Europe is trying to commercialize its own science
Proxima's round is a European answer to a fusion market that has been dominated by U.S. private capital and a handful of heavily funded American startups. Commonwealth Fusion Systems, Helion Energy, TAE, Type One Energy and Thea Energy have all pushed different approaches to the same problem: proving net energy, building repeatable machines and convincing power buyers that fusion can become an asset class rather than a science project.
Proxima's narrower claim is that Europe already paid for much of the scientific base. The Max Planck IPP's Wendelstein 7-X program provided the experimental lineage; Proxima's job is to turn that lineage into a product, a supply chain and a financing model. In its June 2025 Series A announcement, Proxima said it raised EUR130 million to build a stellarator-based fusion power plant in the 2030s. One year later, the company is raising at a scale normally reserved for infrastructure-like hardware companies, with public-sector grants and state support sitting beside venture money.
That public-private structure cuts both ways. It gives Proxima access to government support, research institutions and industrial partners that would be difficult for a small startup to assemble alone. It also ties the company to political budgets, permitting decisions and public expectations around a technology that has repeatedly slipped its timelines across the industry.
The open commercial questions remain basic. Proxima has not disclosed revenue, power-purchase agreements, commercial pricing or customer commitments. Google is a strategic investor in the round, but the disclosed materials do not say it is buying future electricity from Proxima. Reuters reported RWE's EUR25 million investment; Google's check size was not disclosed.
Sciortino's bet is now an execution story
The new round changes Proxima's burden of proof. A EUR411 million financing can fund magnets, hiring and manufacturing systems; it cannot compress the physics and engineering validation that Alpha must still deliver. Proxima says it employs around 200 people across Munich, Zurich and Oxford, up sharply from the 80-plus staff it cited around its 2025 Series A. The hiring profile now matters as much as the science profile, because building a stellarator company requires manufacturing discipline, procurement, controls, software, site work and power-sector credibility.

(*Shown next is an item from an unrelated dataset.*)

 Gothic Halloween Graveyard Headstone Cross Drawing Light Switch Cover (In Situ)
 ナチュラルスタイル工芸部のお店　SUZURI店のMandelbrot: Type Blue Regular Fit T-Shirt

Sciortino has framed Proxima as proof that Europe can build companies around its own research base. In Proxima's announcement, he said the financing shows Europe can invent breakthrough technologies and build globally competitive companies around them. The quote is founder rhetoric, but the cap table gives it more weight than a policy speech. XTX Ventures and East X Ventures led the round; Google and RWE joined as strategic investors; public investors and European venture firms filled in around them.

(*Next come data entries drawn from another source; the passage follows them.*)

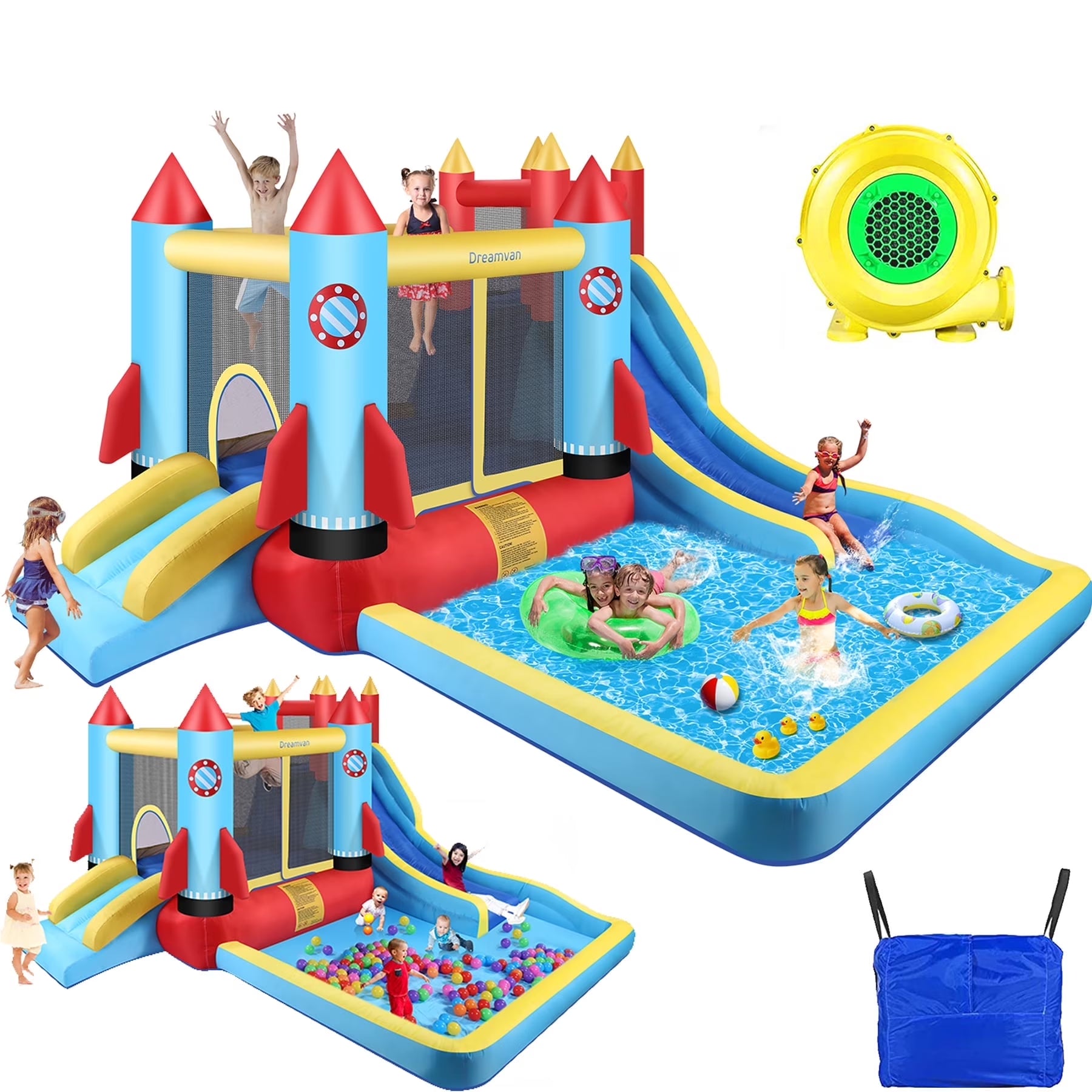 146''X 132'' X 82'' Inflatable Bounce Houses for Kids 3-10 with Blower Double Slide Climbing Wall and Ball Pit/Large Pool Outdoor/Indoor Bouncy House, PVC, Child, Teen, Toddler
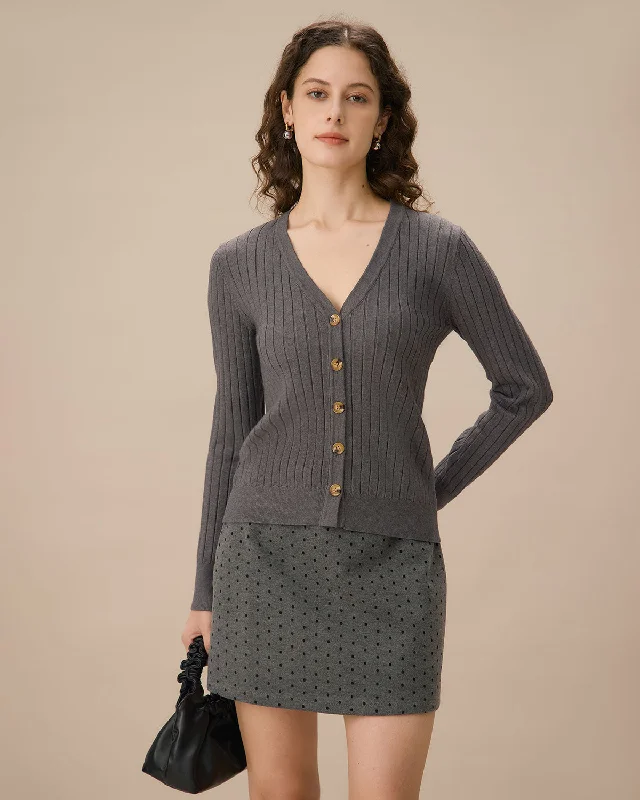 Grey V-Neck Single-breasted Cardigan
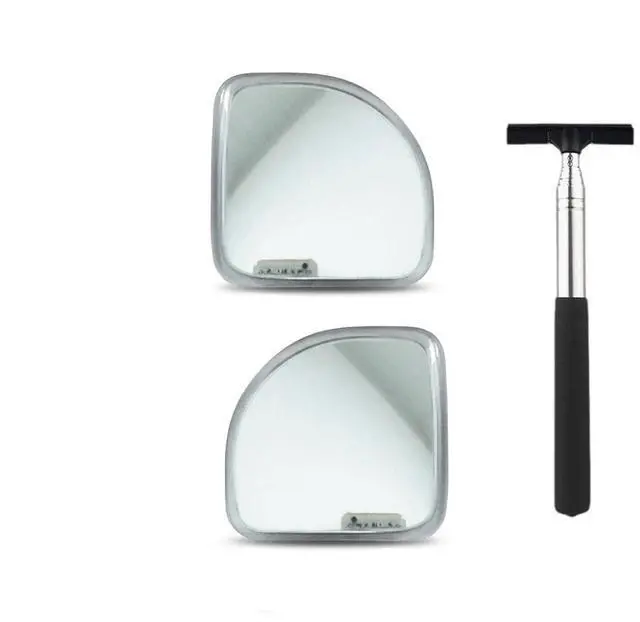 Main image of Blind Spot Mirror for Cars with Windshield Squeegee, HD Glass, Fan Shape, Wide Angle Convex, 360° Adjustable, Stick-On, for Car SUV Truck Van RV, Set of 3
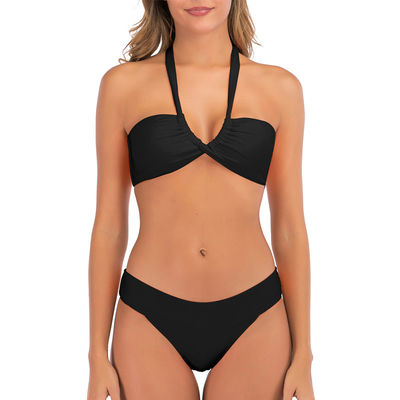Нажим женщины вверх по женщин Swimwear рукава бикини Bandeau купальным костюмам связи коротких бортовым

The next measurable milestone is the Stellarator Model Coil in 2027. If Proxima hits it, the financing will look like an early industrial stake in a company moving from simulation and research into hardware. If Alpha drifts deeper into the 2030s, the same round will read as another reminder that fusion financing has become easier to raise than fusion power is to deliver.
For now, Sciortino has done the part founders can control: assemble the technical team, attach the company to credible research infrastructure, secure strategic capital and give Proxima enough money to move the stellarator debate from papers and renderings into factories and sites. The next phase will be judged in magnets, construction schedules and plasma performance.